● DIRECTIONS FOR THIS TASK
The expected result is a word-for-word copy of the entries, minus any pictures.

------ DATA LISTING ------

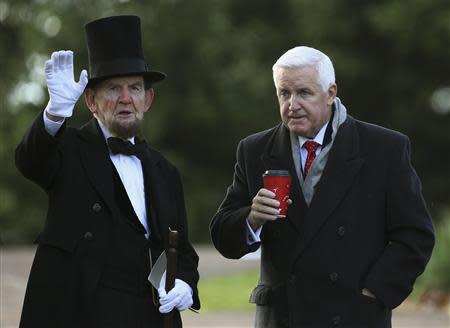 James Getty (L), portraying U.S. President Abraham Lincoln, chats with Pennsylvania Republican Governor Tom Corbett (R) before delivering the Gettysburg Address at the Gettysburg National Cemetery in Pennsylvania November 19, 2013. REUTERS/Gary Cameron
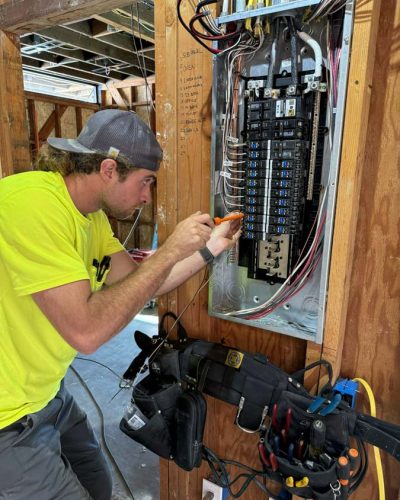 Professional residential electrical installation by Mizo Electric showing circuit breaker panel wiring in new construction home with organized electrical system installation in San Diego County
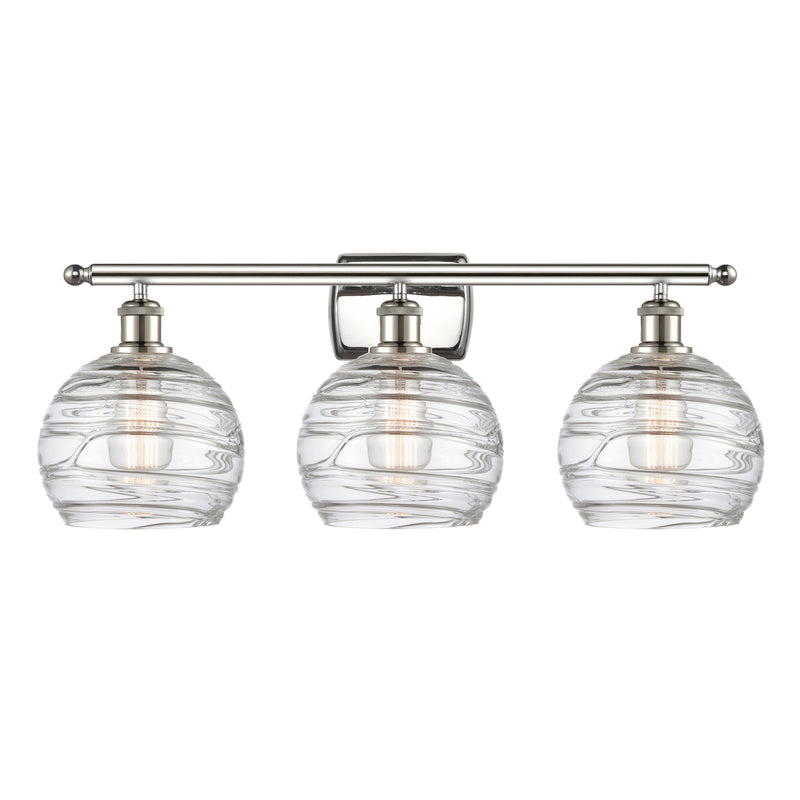 Deco Swirl Bath Vanity Light shown in the Polished Nickel finish with a Clear shade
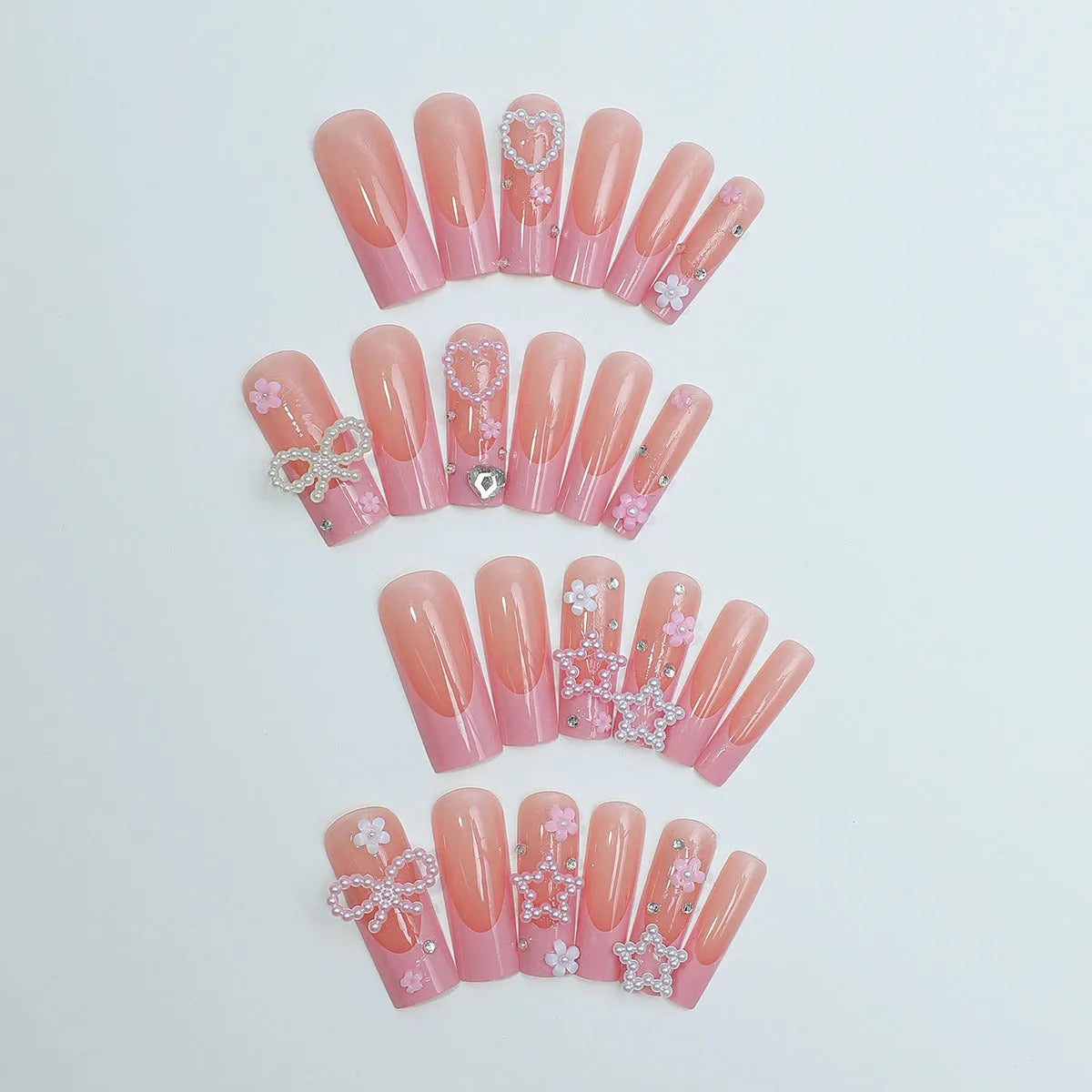 Super long pointed water pipe style false nails with French tip, love heart and bow design in colour XB-70-48.
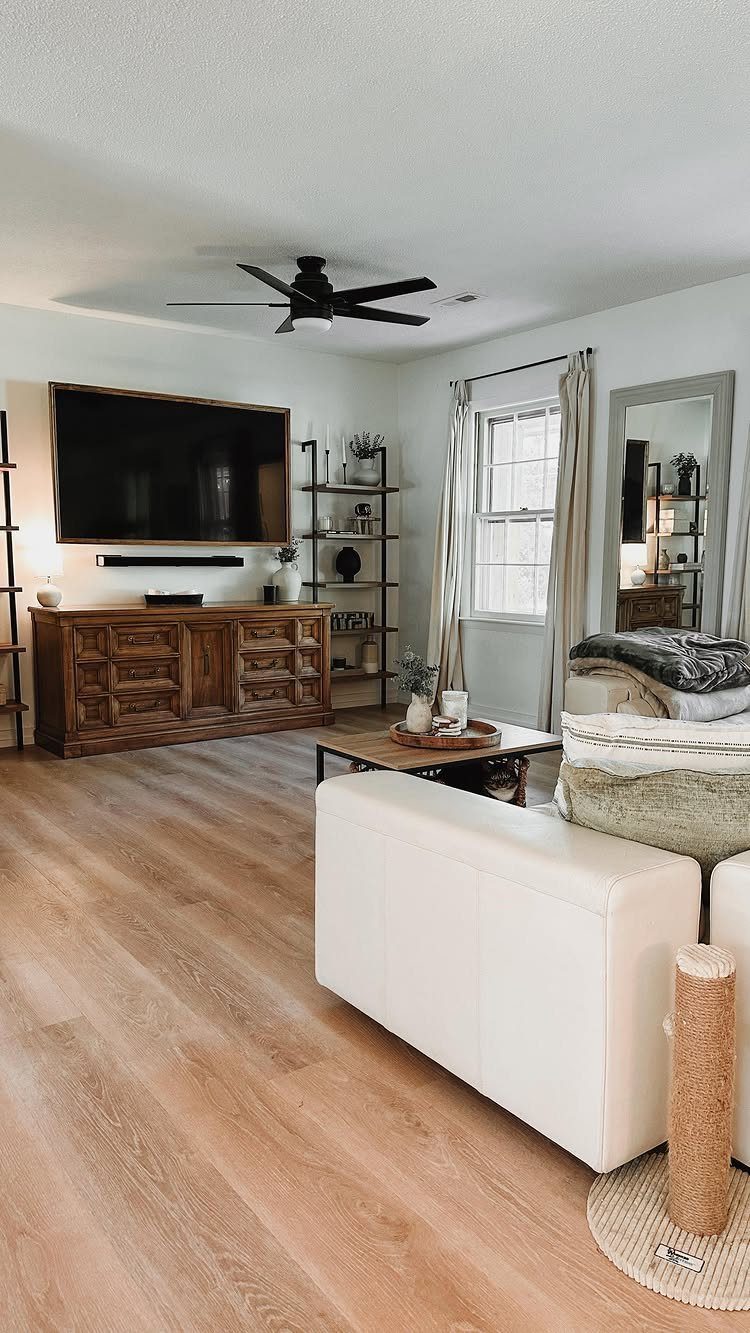 Lifeproof Easy Oak: 8 Installations That Show the Plank's Real Range 2 Light oak wood plank flooring in a bright, modern living room with white furniture.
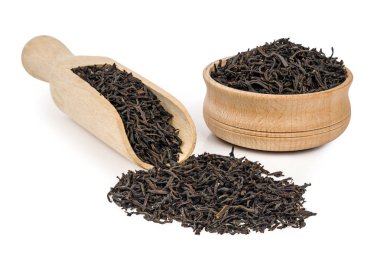 Beyaz arka plan üzerinde izole bir ahşap kürek ile siyah gevşek çay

------

● RESPONSE AREA
 James Getty (L), portraying U.S. President Abraham Lincoln, chats with Pennsylvania Republican Governor Tom Corbett (R) before delivering the Gettysburg Address at the Gettysburg National Cemetery in Pennsylvania November 19, 2013. REUTERS/Gary Cameron
 Professional residential electrical installation by Mizo Electric showing circuit breaker panel wiring in new construction home with organized electrical system installation in San Diego County
 Deco Swirl Bath Vanity Light shown in the Polished Nickel finish with a Clear shade
 Super long pointed water pipe style false nails with French tip, love heart and bow design in colour XB-70-48.
 Lifeproof Easy Oak: 8 Installations That Show the Plank's Real Range 2 Light oak wood plank flooring in a bright, modern living room with white furniture.
 Beyaz arka plan üzerinde izole bir ahşap kürek ile siyah gevşek çay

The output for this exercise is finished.